Never heard of the Eta Aquarid meteors? 2019 offers a good chance to check out this normally obscure meteor shower.
This year offers an especially good chance to spy these fast-moving meteors. First off, the peak for this shower arrives on the morning of Monday, May 6 less than 40 hours after the New Moon.
This means that the Moon will be a thin, 4 percent illuminated waxing crescent low in the dusk sky come Monday night, out of view when the shower reaches its peak. Speaking of which, the Eta Aquarids have a broad peak centered on May 6, running from April 19 to May 28.
If you’re clouded out come Monday morning, it’s still worth watching for meteors on Sunday or Tuesday, just in case.
The exact peak for the 2019 Eta Aquarids is expected to arrive on May 6 at 14:00 UT/10:00 EDT, favoring the southwestern Pacific region.

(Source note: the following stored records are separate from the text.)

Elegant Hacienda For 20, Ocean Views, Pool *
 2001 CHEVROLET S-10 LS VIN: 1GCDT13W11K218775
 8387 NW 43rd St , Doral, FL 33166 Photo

At their maximum, expect the Eta Aquarids to produce a Zenithal Hourly Rate (ZHR) of 50 meteors per hour. Keep in mind, however, the ZHR is an ideal rate, assuming dark skies with a radiant straight overhead near the zenith.
Most observers will see a rate considerably lower, mainly due to light pollution and the true position of the radiant.
The Eta Aquarids appear to radiate from a point (known as the shower’s radiant) just a few degrees west of the +4th magnitude star Eta Aquarii (hence the shower’s name) located in the astronomical constellation of Aquarius the Water-Bearer.
The radiant is also very near the famous “Y-shaped” asterism in Aquarius of Um the Water Jar. Aquarius also hosts another elusive meteor shower: the July Delta Aquarids.
The parent comet for the Eta Aquarids is none other than that most famous comet of them all, 1/P Halley. In fact two debris trails from Halley’s Comet intersect the orbit of Earth, and the comet also gives us the October Orionids.
The Eta Aquarids: A Brief History
Like Halley, the Eta Aquarids are on a retrograde stream orbiting the Sun.
We see the outward trail from Halley during Eta Aquarid season, with the incoming inward trail during the October Orionids.
Either trail is coming at the Earth nearly head-on, producing relatively swift meteors moving at about 66 kilometers per second.
Now, for the bad news. For observers up north, the Eta Aquarid radiant doesn’t rise above the southeastern horizon until about 2 am local time; expect rates to pick up towards dawn. Down under, the reverse is true: in fact, folks in South Africa and Australia consider the Eta Aquarids to be one of the best annual meteor showers.
The Eta Aquarid stream also seems to be ancient, in the 2,000-3,000 year old range. There also seems to be an 11 year periodicity for the Eta Aquarids, probably caused by gravitational perturbations on the stream caused by the planet Jupiter. 2013 was a fine year for the Eta Aquarids with a ZHR approaching 140 per hour, while we seem to be coming off of a relative lull seen in 2016-2018.
Also, another poorly understood meteor shower peaks on May 8: the Eta Lyrids.
This also seems to be a new stream, laid down by the 198- passage of Comet IRAS-Araki-Alcock, just 0.03 astronomical units (AU) or only 4.6 million kilometers from the Earth.
The Eta Aquarids are one of the very few major showers with a radiant located in the southern hemisphere… barely. The exact radiant position for the Eta Aquarids is Right Ascension 22 hours, 20 minutes, Declination -1 degrees south.
Why are all of the good meteor showers up north? Is this just a statistical fluke, or is some other process at play? We’ve never seen this anomaly addressed in meteor astronomy.
Observing meteor showers is as simple as laying back and watching with a good Mk-1 pair of eyeballs and waiting for an Eta Aquarid to glide silently by.
Be sure to watch in the early morning hours for best results, as you’ll be on the portion of the Earth turned forward into the oncoming meteor stream.
Be sure to find as dark an observing site possible for best results, otherwise, fainter Eta Aquarids will pass right by unobserved.
Hear a meteor crackle? You’re not imagining things: audible meteors are a real phenomenon, and eerie to witness.
How many meteors do you see? Count ’em up per hour, and you can report your observations to the International Meteor Organization (IMO).
It’s one of the very few ways that naked eye observers can still contribute to modern astronomy.
You can also photograph meteors simply by aiming a tripod-mounted DSLR camera at the sky and taking time exposures of 30 seconds to 3 minutes in duration. We like to use an intervalometer to simply take an automated series of timed shots of the sky, to free us up to lay back and watch the show.
Good luck, and clear skies!
Also keep an eye out for any Eta Aquarids early tomorrow morning, as SpaceX’s Dragon heads up the US East Coast.